━━ EXERCISE INPUT
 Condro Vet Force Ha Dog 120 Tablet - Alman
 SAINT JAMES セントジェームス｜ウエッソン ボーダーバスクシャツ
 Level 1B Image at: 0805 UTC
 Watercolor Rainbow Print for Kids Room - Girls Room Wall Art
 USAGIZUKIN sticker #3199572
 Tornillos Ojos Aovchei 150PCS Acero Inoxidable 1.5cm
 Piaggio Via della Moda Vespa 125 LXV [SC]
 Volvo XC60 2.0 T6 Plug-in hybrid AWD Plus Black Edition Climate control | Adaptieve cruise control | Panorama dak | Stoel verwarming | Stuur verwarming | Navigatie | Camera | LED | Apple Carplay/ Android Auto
━━━━
━━ EXERCISE INPUT
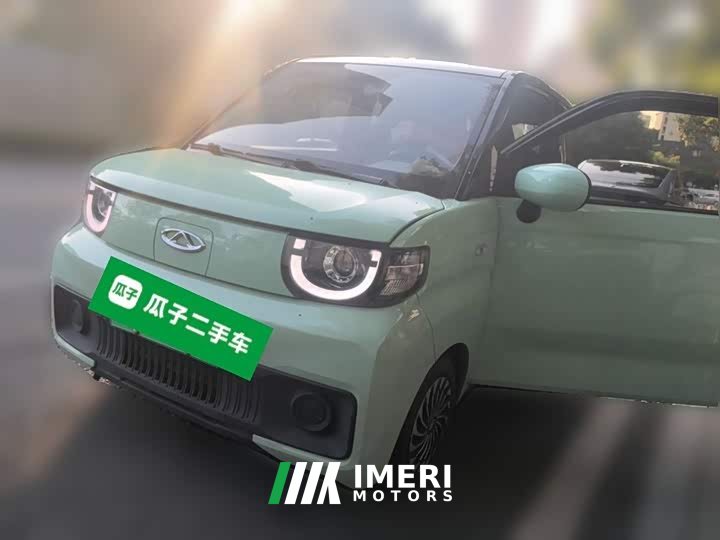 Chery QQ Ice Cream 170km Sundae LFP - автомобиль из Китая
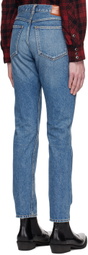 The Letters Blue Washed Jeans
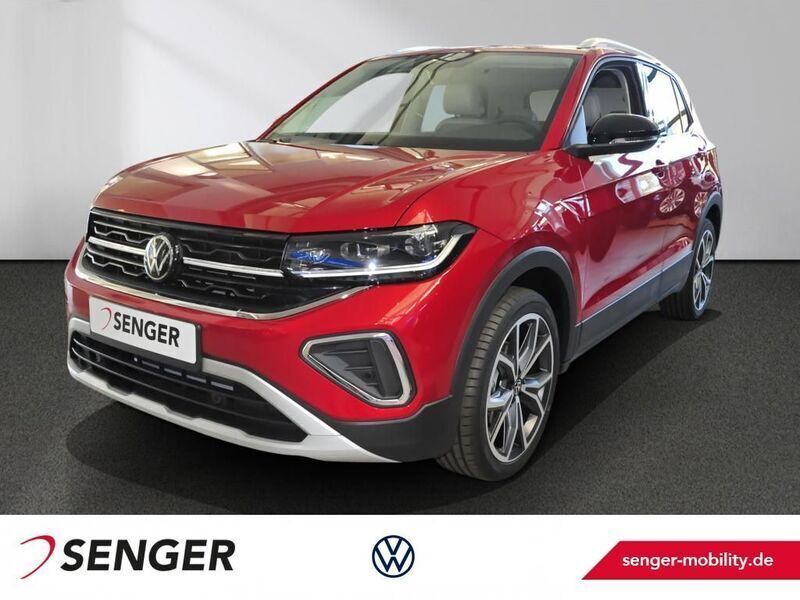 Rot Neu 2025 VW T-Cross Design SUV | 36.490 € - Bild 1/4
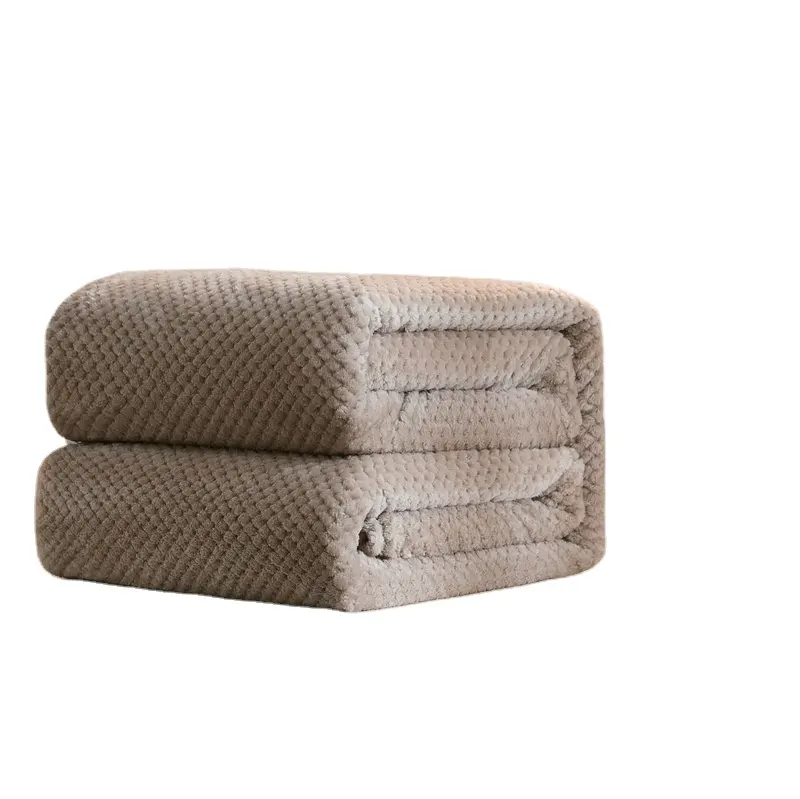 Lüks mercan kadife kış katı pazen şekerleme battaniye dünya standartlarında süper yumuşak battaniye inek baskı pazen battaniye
━━━━
*GOAL OF THE EXERCISE*.
Everything above from the line with "SAINT JAMES セントジェームス｜ウエッソン ボーダーバスクシャツ" to the line with "Volvo XC60 2.0", both included, must be repeated exactly, and nothing outside that range.

*ANSWER TO THIS TASK*.
 SAINT JAMES セントジェームス｜ウエッソン ボーダーバスクシャツ
 Level 1B Image at: 0805 UTC
 Watercolor Rainbow Print for Kids Room - Girls Room Wall Art
 USAGIZUKIN sticker #3199572
 Tornillos Ojos Aovchei 150PCS Acero Inoxidable 1.5cm
 Piaggio Via della Moda Vespa 125 LXV [SC]
 Volvo XC60 2.0 T6 Plug-in hybrid AWD Plus Black Edition Climate control | Adaptieve cruise control | Panorama dak | Stoel verwarming | Stuur verwarming | Navigatie | Camera | LED | Apple Carplay/ Android Auto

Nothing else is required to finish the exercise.